The medic held up two empty IV bags of Hextend that sat on his small field desk, sucked completely dry. He set them back down a moment later before standing and going back to Jake's cot. The medic readied a syringe and a prep pad, cleaning Jake's stomach before dropping the small needle into the tender flesh. The Heparin injection, one of Louis' few remaining ones, would help prevent blood clots from travelling to their leader's lungs. That would most certainly kill him where the Russians had failed.
“It's a good thing we have a prepared SF medic.

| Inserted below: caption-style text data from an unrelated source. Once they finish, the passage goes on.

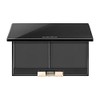 Makiage Dramatic Face Powder Case | Case & Holder |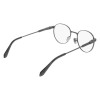Salvatore Ferragamo SF2596 (018)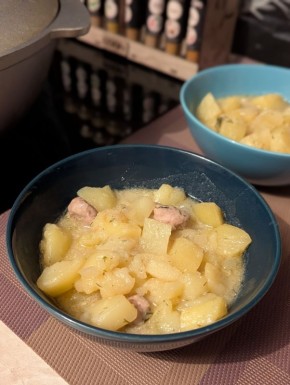 ������� �������� �� ��������: �������� ������� �� ����� �����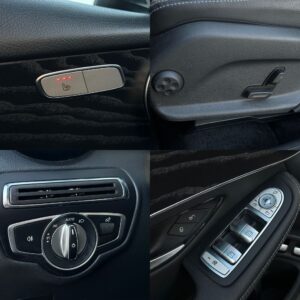 dfa62bd8-c7b8-4a1f-8a8a-2e0ac7505f2f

Jake would not be alive without you, Beans." Reuben said quietly, looking at Austin where she sat across the table, sharing her confirming nod.
“That's for sure. I think we're gonna go pay those Spetsnaz a visit." The other human responded, grabbing her M39 EMR and armor, swinging the latter over her head and buckling the hook-and-loop front piece. She slung the rifle afterwards, moving towards the tent flap. Reuben followed, after a quick goodbye scratch to his raptor.

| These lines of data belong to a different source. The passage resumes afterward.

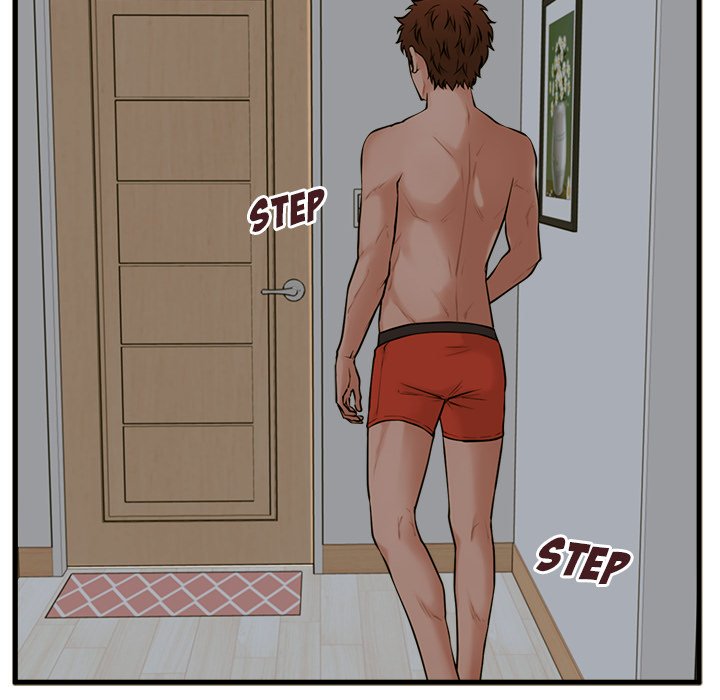 The Guest House - Chapter 19 [photo 61] - MangaPorn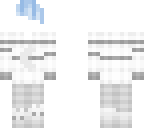 memes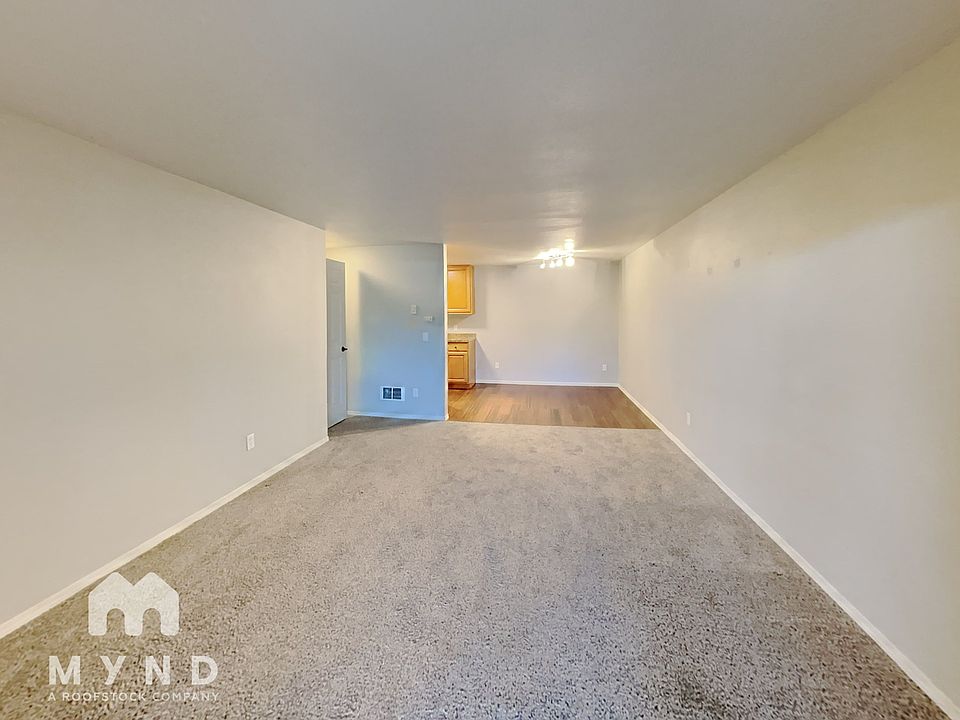 1st image of 14300 32nd Ave NE APT 304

“Adine, you're on rest until 0001 tonight. All joking aside, your little forest sprint was very hard on your system. Much more and you would have died from overheating." Doc said, looking to her. Beans was rarely ever forceful with the raptors, especially since they normally managed things amongst themselves, so they knew the importance of the situation when he actually DID give them orders.
“Okay, Beans. I'll take it easy."
“Oh, and Adine," He said, more quietly this time. She met his stress-filled eyes, watching as they studied her up and down. “Thanks. He'd be dead without you and Angel."
She only nodded in response, lowering her head back onto the makeshift blanket pillow. The raptoress was asleep within seconds.